▶ [WORK INSTRUCTIONS]: All of the data that follows is to be written out exactly, with images excluded.

▶ [THE DATA]:
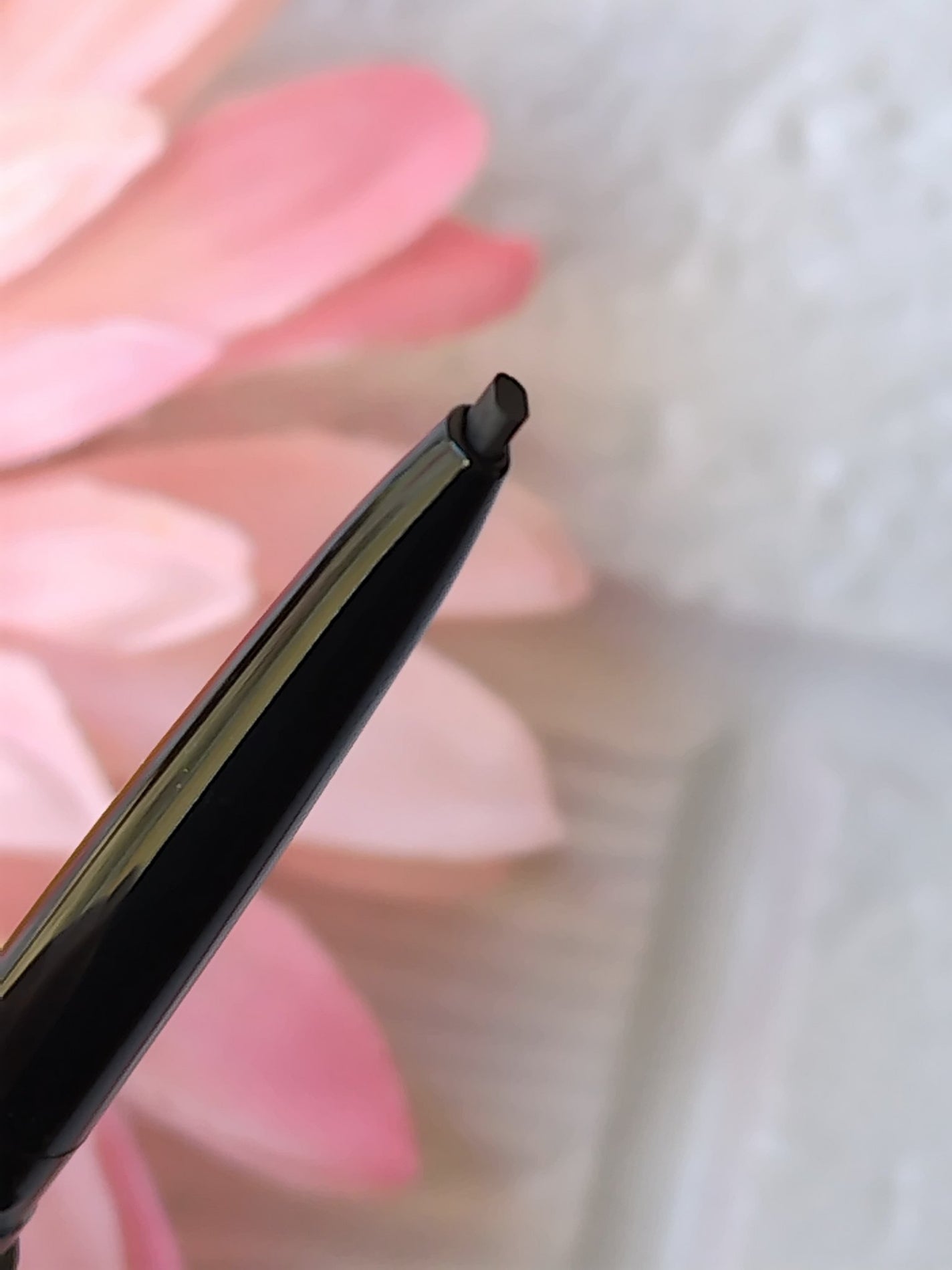 そら on LIPS 「2025年3月発売のトレンドカラーを押さえた、こだわりが詰まっ..」(3枚目)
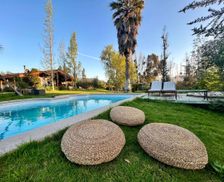 Chile Region Metropolitana Melipilla vacation rental compare prices direct by owner 27146900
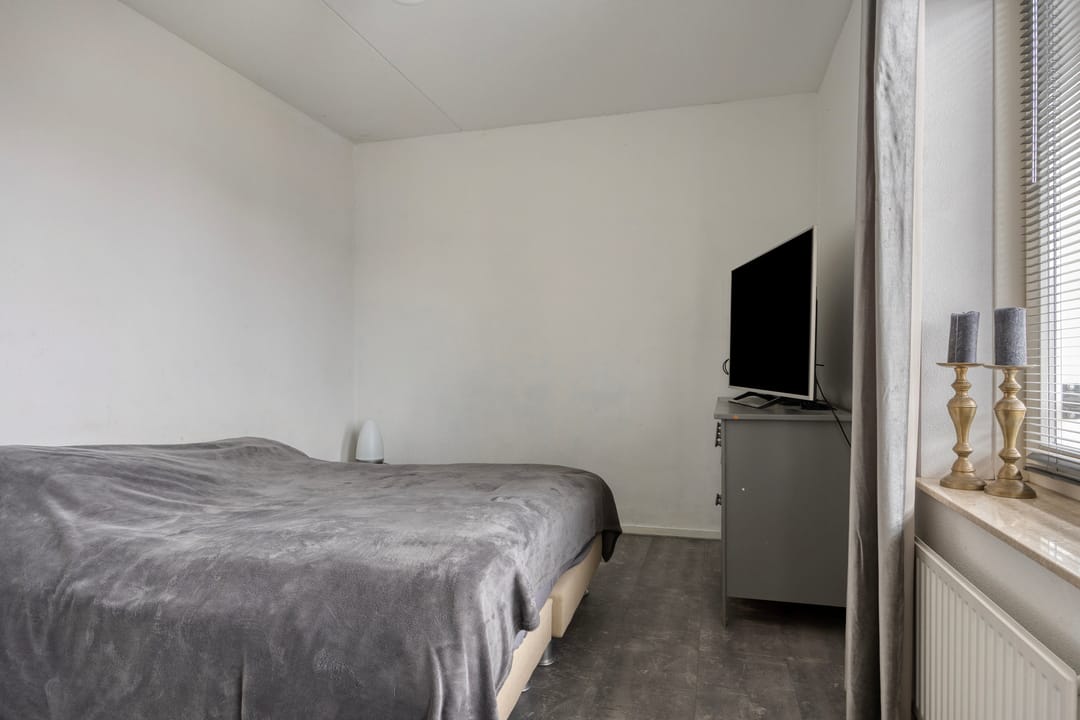 Foto 22 van Grote Breeken 35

▶ [ANSWER SECTION]:
 そら on LIPS 「2025年3月発売のトレンドカラーを押さえた、こだわりが詰まっ..」(3枚目)
 Chile Region Metropolitana Melipilla vacation rental compare prices direct by owner 27146900
 Foto 22 van Grote Breeken 35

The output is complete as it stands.